La coscrizione militare

Napoleone aveva un bisogno enorme di soldati, avendo fatto della guerra la sua politica prevalente in Europa. Gli organici militari erano in continua crescita e alla loro copertura non bastavano più i giovani cittadini francesi. Il ricorso a quelli dei territori sottomessi fu la scelta naturale, imposta con estrema disinvoltura.

Il meccanismo del reclutamento funzionava sulla base di ferree regole matematiche: si stabiliva quanti coscritti doveva fornire l'Italia, il totale veniva diviso tra i Dipartimenti in base al loro “animato”, ossia alla popolazione, e questa operazione si ripeteva all'interno dei vari Dipartimenti per fissare i coscritti di ogni cantone. In genere il numero era modesto e i nominativi si estraevano a sorte da una palla di vetro entro cui erano state inserite le generalità dei giovani del cantone atti alle armi, alla presenza di una Commissione che veniva da Perugia.

Nel marzo del 1812 ci fu una coscrizione per la quale il cantone di Fratta doveva fornire un contingente di quattro reclute. La Commissione che arrivò da Perugia era formata da tre persone, quattro con l'addetto ai mezzi di trasporto, ossia alle cavalcature. Alloggiarono per due giorni nella locanda di Pietro Romitelli (11).

Vennero estratti i nominativi delle quattro reclute, cioè dei “fortunati” che dovevano combattere per Napoleone. A costoro, qualche giorno dopo, arrivava la lettera di chiamata in cui si invitavano a presentarsi a Spoleto. La lettera aveva il seguente contenuto:


È ordinato a Pietro, figlio di Paolo Rondini Coscritto della classe del 1812, domiciliato nella Cura del Sacro Eremo di Monte Corona, Comunità di Perugia destinato in seguito all'estrazione per formare il Contingente assegnato a questo cantone, di rendersi a Spoleto il giorno 16 aprile corrente, da dove egli sarà diretto subito al Reggimento, al quale lo destinerà il Consiglio di reclutamento.

Il suddetto coscritto non può Per verun motivo dispensarsi di rendersi a Spoleto il giorno sopra indicato.
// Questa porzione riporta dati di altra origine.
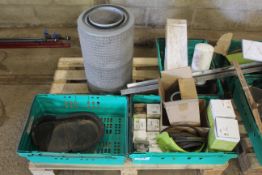 Pallet containing quantity of Claas combine spares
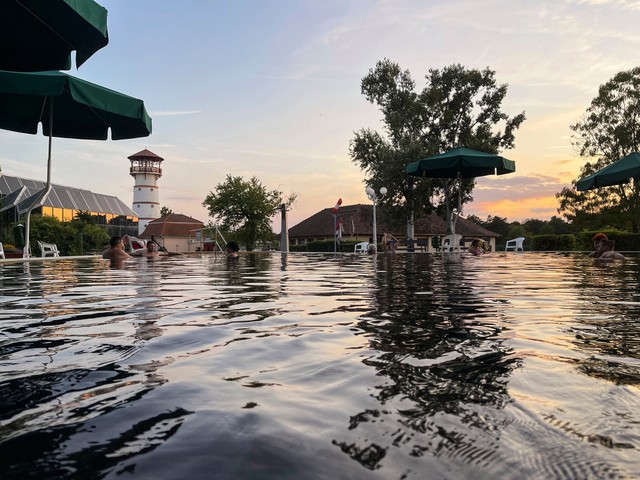 Fürdőzés távol a város zajától: mi minden vár Gyopárosfürdőn?
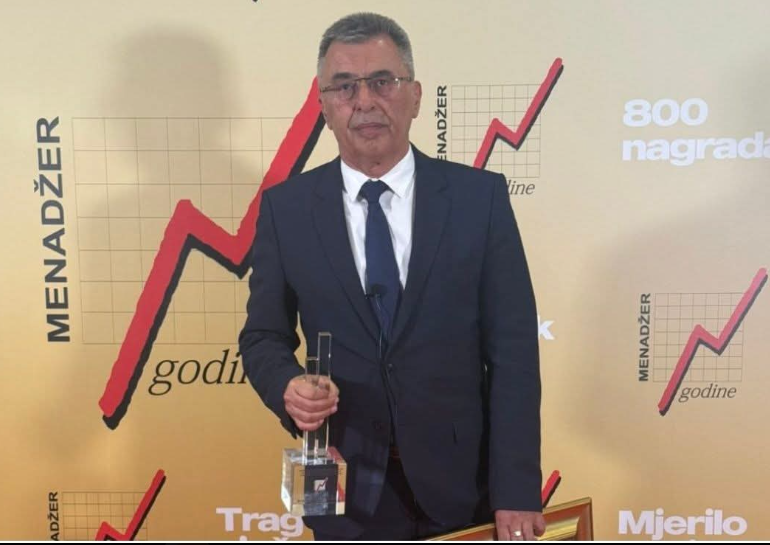 Odžić: Đukanović vjeruje da niko nije vidio da mu je nagradu uručio lično Mesić
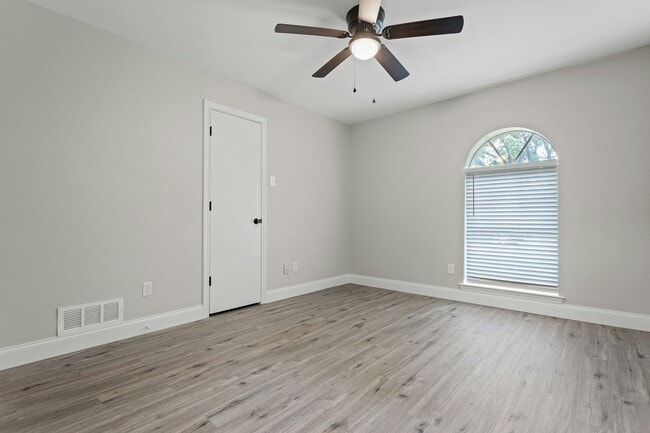Building Photo - 1206 Mayapple Dr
Resta prevenuto che se mancherà di ubbidire al presente ordine verrà dichiarato ritardatario, e a questo titolo verranno mandati quattro soldati in sua casa e in quella dei suoi genitori i quali saranno mantenuti a di loro spese per lo spazio di un mese e pagati a ragione di due franchi al giorno per ogni soldato.

Il coscritto sarà arrestato ed allora non sarà più ammesso a servire liberamente nell'armata; ma sarà tradotto al deposito di Civitavecchia per essere trasportato in Corsica ed arruolato nel reggimento del Mediterraneo.

Se passato il mese il coscritto ritardatario non sarà arrestato, verrà dichiarato refrattario e condannato ad una multa di 1.500 franchi unitamente ai di lui genitori, come civilmente responsabili. Il coscritto verrà quindi perseguitato, arrestato e tradotto a Civitavecchia per essere arruolato nel reggimento del Mediterraneo in Corsica (12).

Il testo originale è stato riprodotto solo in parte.